*** Opening Material supplied ***

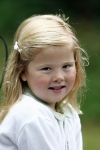 Wassenaar 11 juli 2008
Foto uurtje met prinses Maxima Prins Willem Alexander  en hun dochters Prinses Amalia Prinses Alexia en Prinses Ariane . 
Ze komen aanrijden in bakfiets.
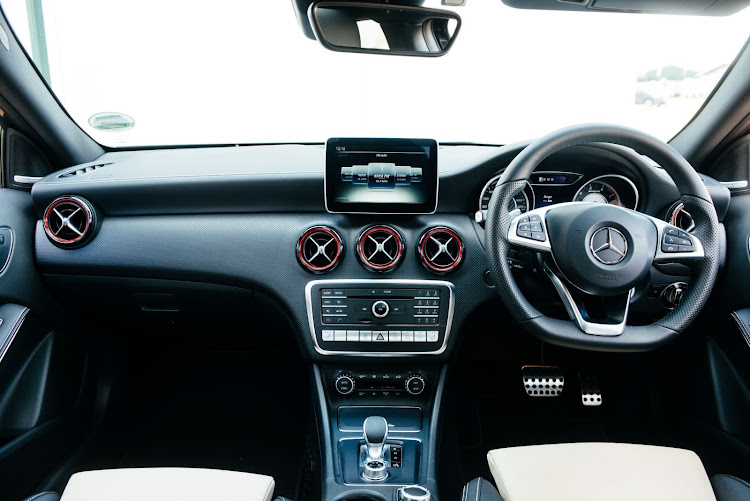 The interior of the AMG 45.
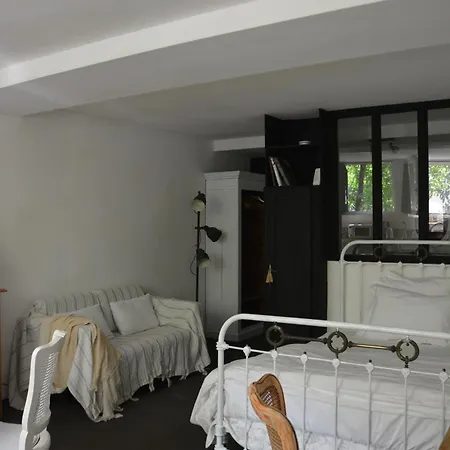 La Maison, D'hotes De Charme Et Atelier D'artiste, Saint Emilion فندق مبيت وإفطار 3*
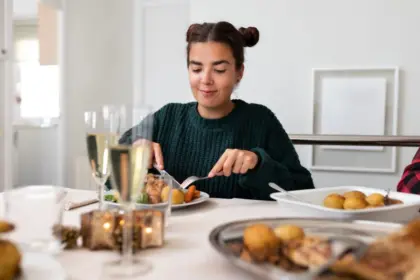 7 dicas para aproveitar as ceias de fim de ano sem culpa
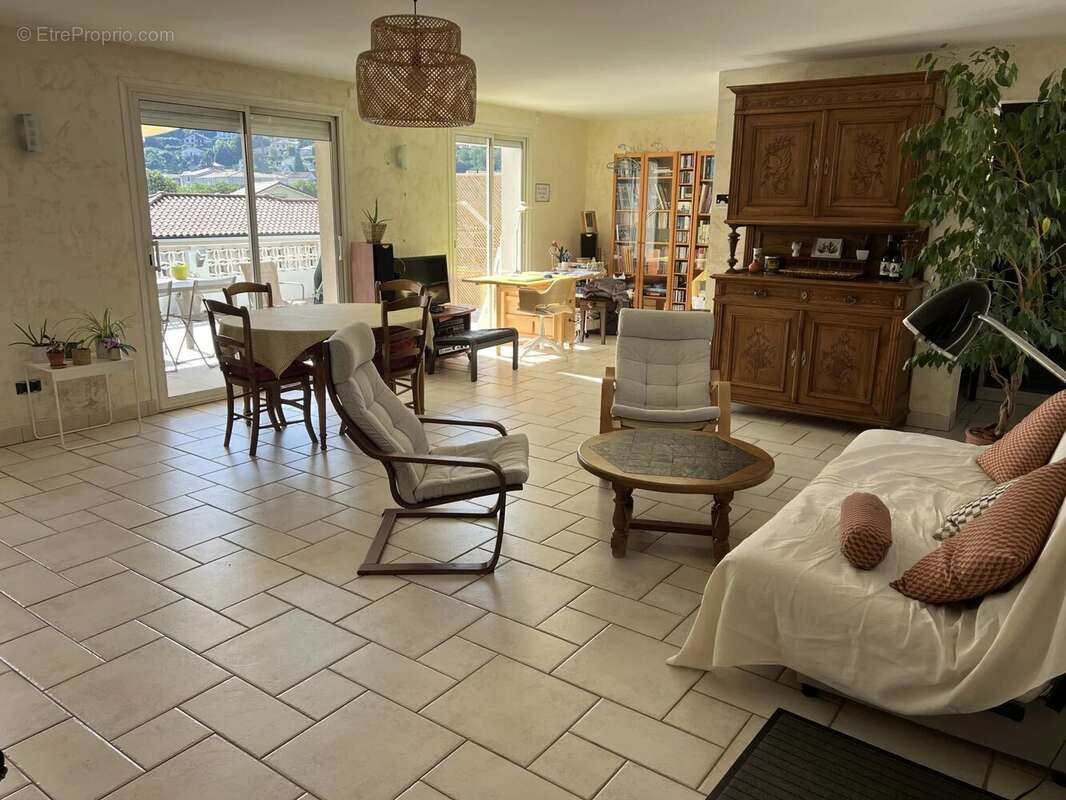 A saisir, maison proche du bourg à Villars - photo 8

*** Closing Material supplied ***

§ Exercise brief: Every line of the listing above is to be retyped exactly, but the pictures are to be dropped.

§ Exercise output:
 Wassenaar 11 juli 2008
Foto uurtje met prinses Maxima Prins Willem Alexander  en hun dochters Prinses Amalia Prinses Alexia en Prinses Ariane . 
Ze komen aanrijden in bakfiets.
 The interior of the AMG 45.
 La Maison, D'hotes De Charme Et Atelier D'artiste, Saint Emilion فندق مبيت وإفطار 3*
 7 dicas para aproveitar as ceias de fim de ano sem culpa
 A saisir, maison proche du bourg à Villars - photo 8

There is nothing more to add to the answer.